Alors que la Chine dirigerait l’évolution de cet équilibre en contrôlant sa population et en exportant son modèle d’utilisation de technologies novatrices par le Parti communiste chinois, la Russie serait consciente de son retard technologique, mais promouvrait un modèle moins perfectionné, plus facilement exportable aux autres régimes autoritaires. De son côté, le Moyen-Orient contrôlerait sa population par l’espionnage et le sabotage, bénéficiant aux concurrents des Américains, c’est-à-dire la Chine et la Russie.
Ces analyses permettent alors d’esquisser des tendances. Une synergie digitale sino-russe se profilerait avec, par implication, une disparition des normes libérales internationales et l’éventualité d’un « splinternet », un Internet divisé par des frontières numériques. Les différents régimes non démocratiques chercheraient alors à réguler les communications en ligne et à acquérir les technologies chinoises, entraînant l’apparition de limites pour la stratégie américaine d’atténuation et un renforcement de l’émulation innovatrice entre la Russie et la Chine.

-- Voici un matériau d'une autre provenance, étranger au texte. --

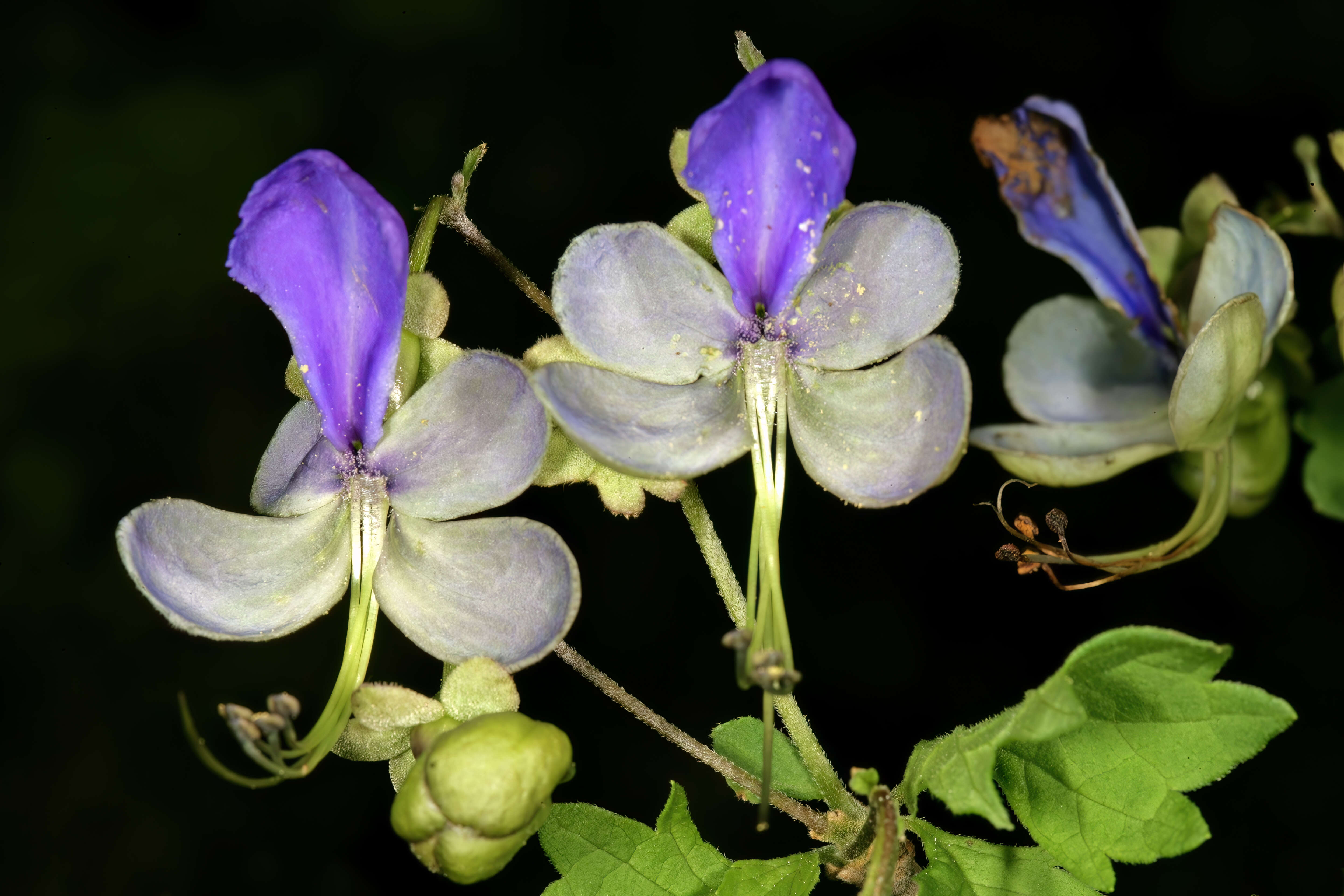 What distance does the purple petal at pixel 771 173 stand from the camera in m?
1.96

Les États-Unis devraient donc, selon le CNAS, combler l’absence d’un grand leader démocratique du numérique, en proposant une réponse politique élargissant la coalition existante aux pays émergents, non nécessairement démocratiques. Par la réorganisation et la régulation du numérique sur leur territoire, la promotion du modèle libéral et le combat de l’utilisation autoritaire des technologies, l’offre d’un modèle attractif pour les États non démocratiques ainsi qu’au travers de l’utilisation de leur appareil puissant, les États-Unis doivent réagir à la menace.
Paradoxalement, selon Leonardo Dinic, les récentes décisions américaines ont déjà lancé le renversement de l’ordre numérique mondial. En effet, les mesures économiques restrictives vis-à-vis de la Chine, portées par Trump, ont forcé cette dernière à s’adapter en abandonnant ses investissements aux États-Unis au profit d’un renforcement sur la recherche et la production de composants sur son territoire, dans l’objectif d’une autonomie complète sur les chaînes de valeur comportant ces technologies de précision : un « découplage » se profile, et directement par la couche physique du monde numérique.

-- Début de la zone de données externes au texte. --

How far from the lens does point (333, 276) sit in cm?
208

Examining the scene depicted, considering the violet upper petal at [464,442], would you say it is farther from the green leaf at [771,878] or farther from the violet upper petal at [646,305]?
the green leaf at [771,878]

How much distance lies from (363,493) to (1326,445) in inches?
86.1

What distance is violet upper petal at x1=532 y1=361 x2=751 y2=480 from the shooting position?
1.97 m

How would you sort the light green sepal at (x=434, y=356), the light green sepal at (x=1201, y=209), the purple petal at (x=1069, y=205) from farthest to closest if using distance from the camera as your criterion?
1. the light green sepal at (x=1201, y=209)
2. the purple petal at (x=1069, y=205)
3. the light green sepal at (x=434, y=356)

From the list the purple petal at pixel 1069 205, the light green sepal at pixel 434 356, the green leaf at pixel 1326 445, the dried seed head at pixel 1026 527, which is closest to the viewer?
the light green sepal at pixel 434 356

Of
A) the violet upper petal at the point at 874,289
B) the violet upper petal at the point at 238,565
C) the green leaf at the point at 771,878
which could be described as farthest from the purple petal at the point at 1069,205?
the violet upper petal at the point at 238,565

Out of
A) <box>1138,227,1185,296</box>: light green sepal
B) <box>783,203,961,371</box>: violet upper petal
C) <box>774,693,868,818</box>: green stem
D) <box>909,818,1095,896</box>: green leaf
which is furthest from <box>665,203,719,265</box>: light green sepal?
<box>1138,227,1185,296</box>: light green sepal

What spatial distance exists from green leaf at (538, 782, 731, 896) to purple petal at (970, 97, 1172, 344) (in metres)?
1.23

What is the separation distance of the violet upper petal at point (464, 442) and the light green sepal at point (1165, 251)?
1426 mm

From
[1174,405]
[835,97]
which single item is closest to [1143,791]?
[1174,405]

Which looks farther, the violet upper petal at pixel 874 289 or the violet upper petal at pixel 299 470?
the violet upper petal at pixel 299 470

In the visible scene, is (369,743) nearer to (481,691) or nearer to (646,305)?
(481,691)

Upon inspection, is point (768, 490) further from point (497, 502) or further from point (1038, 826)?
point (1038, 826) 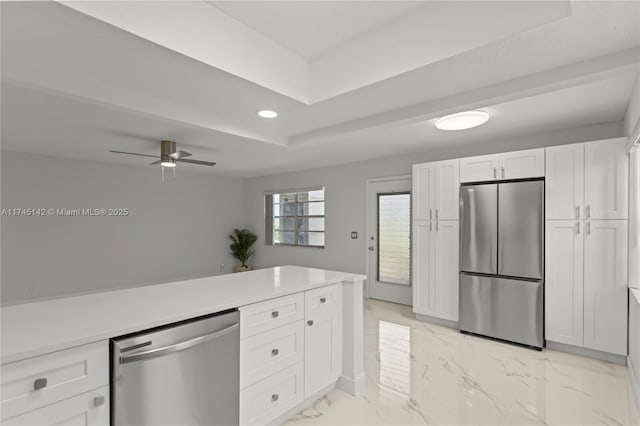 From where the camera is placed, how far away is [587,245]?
10.1 ft

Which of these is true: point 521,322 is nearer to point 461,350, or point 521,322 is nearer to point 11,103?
point 461,350

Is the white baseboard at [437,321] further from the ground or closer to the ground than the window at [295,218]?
closer to the ground

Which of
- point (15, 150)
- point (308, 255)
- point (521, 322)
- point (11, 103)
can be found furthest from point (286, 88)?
point (15, 150)

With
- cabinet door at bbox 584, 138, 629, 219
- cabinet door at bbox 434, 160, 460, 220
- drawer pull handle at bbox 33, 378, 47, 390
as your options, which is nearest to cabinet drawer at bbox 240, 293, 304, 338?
drawer pull handle at bbox 33, 378, 47, 390

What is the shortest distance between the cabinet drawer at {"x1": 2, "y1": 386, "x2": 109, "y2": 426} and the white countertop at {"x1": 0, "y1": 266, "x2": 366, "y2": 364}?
22 centimetres

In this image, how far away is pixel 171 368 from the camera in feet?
4.85

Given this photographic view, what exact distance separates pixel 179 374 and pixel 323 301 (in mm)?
1063

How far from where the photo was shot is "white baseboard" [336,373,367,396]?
7.91 feet

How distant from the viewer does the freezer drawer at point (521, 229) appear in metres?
3.33

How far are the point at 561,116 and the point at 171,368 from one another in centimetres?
392

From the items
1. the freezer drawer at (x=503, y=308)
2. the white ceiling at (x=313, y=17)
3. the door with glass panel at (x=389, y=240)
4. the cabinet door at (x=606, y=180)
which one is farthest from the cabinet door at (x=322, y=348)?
the door with glass panel at (x=389, y=240)

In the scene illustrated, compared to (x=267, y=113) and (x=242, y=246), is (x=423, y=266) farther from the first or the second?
(x=242, y=246)

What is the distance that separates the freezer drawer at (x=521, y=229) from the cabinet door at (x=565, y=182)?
0.09 meters

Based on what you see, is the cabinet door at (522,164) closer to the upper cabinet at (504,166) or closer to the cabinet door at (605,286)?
the upper cabinet at (504,166)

Même si les Américains dominent le marché des semi-conducteurs avec 50 % de la production, leur industrie numérique dépend des approvisionnements taïwanais et coréens. La Chine a, quant à elle, quelques années de retard sur les capacités de production américaines et en particulier sur les logiciels de fabrication de semi-conducteurs, mais est sur la bonne voie pour les réduire avec, notamment, l’introduction de règles sur la protection des données ajoutant la dimension sémantique d’Internet dans l’équation.
Ainsi, l’article publié sur China-US Focus montre que les firmes américaines seraient plus exposées à ce « découplage » que leurs concurrentes chinoises. Si les mesures américaines limitent l’exposition de son économie à la Chine, celles-ci sanctionnent in fine moins les entreprises chinoises qu’états-uniennes.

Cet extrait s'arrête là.